A Brief History of Piaggio


Piaggio & Co came into existence 14th September 1887. The company grew up in the shipyard industry of the Liguria region where they crafted the interiors of large Italian passenger liners and prestigious German ships. By the turn of the century, more than 60 ships were sailing the seas bearing witness to the quality of the company's work and the ability of its cabinet makers. At the turn of the century Piaggio took the bold move of involving itself in the up and coming railway industry by setting up a new company and factory. Metal working was new to the company. Railway carriages of all kinds were manufactured. Around 1915 many Italian companies were looking at the new aviation industry.
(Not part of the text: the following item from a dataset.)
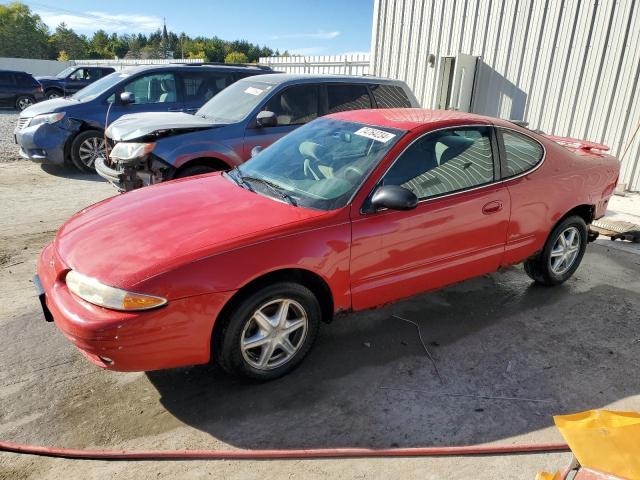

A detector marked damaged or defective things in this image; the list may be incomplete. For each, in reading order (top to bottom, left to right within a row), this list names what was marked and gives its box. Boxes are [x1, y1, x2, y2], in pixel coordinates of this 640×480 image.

damaged blue minivan [13, 63, 272, 172]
In 1920 Piaggio took over an ailing aeronautical firm, this re-defined Piaggio & Co as a manufacturer involved in many pursuits including trains, trams, naval shipbuilding, fitting of ships, planes, mechanical engineering, forestry cultivation and production of coal.
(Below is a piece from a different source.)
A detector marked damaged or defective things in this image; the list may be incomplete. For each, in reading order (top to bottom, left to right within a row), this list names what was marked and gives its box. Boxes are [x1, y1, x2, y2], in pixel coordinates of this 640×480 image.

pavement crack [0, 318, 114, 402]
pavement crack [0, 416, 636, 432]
New headquarters were purchased at Pontedera in 1924, where some twenty years later we were to see the birth of the Vespa. Meanwhile the focus was on aircraft design and manufacture led by the energetic Enrico Piaggio who raised the workforce from 136 to 6950 in just six years. Before the outbreak of world war two considerable engineering feats were achieved with over 20 records being set using radically designed aero engines. By 1941 the large Pontedera factory became the headquarters of the whole group with some 7000 employees. By 1944, the factory being an obvious target, was repeatedly targetted by Allied bombing. With the whole of Italy's industrial and social infrastructure in a state of collapse, Piaggio sought to find a way out of the situation and looked for a product through which the company could be re-built.

The company management were billeted in the mansion of a local textile entrepreneur and motorbike enthusiast Count Trossi. Enrico Piaggio was introduced to two odd two-wheeled vehicles in the Count's collection. Possibly these were a 1938 American Cushman and a Velta, an Italian scooter produced in Turin also in 1938. From this came the idea of producing cheap transport which became the MP5 project. Looking awkward and with little style this vehicle became known as the ugly ducking. Enrico wanted to solve the problem and on December 2nd 1945 thanks to the genius of the inventive engineer Corradino D'Ascanio (also credited as the father of the helicopter) a new machine was produced, the MP6 and mass production commenced. The name Vespa was conceived by Enrico Piaggio because he said the vehicle reminded him of a wasp. (Vespa is Italian for wasp)

Production was modelled on 'Ford' type lines, the only question was would the public accept this vehicle, a new concept. Heavily marketed, the first pre-production 50 units almost didn't sell! Efforts to market through Lancia car dealerships and the introduction of payment by instalments kicked the production into a boom which subsequently saw over 130,000 units produced over the next four years. The rest as they say, is history.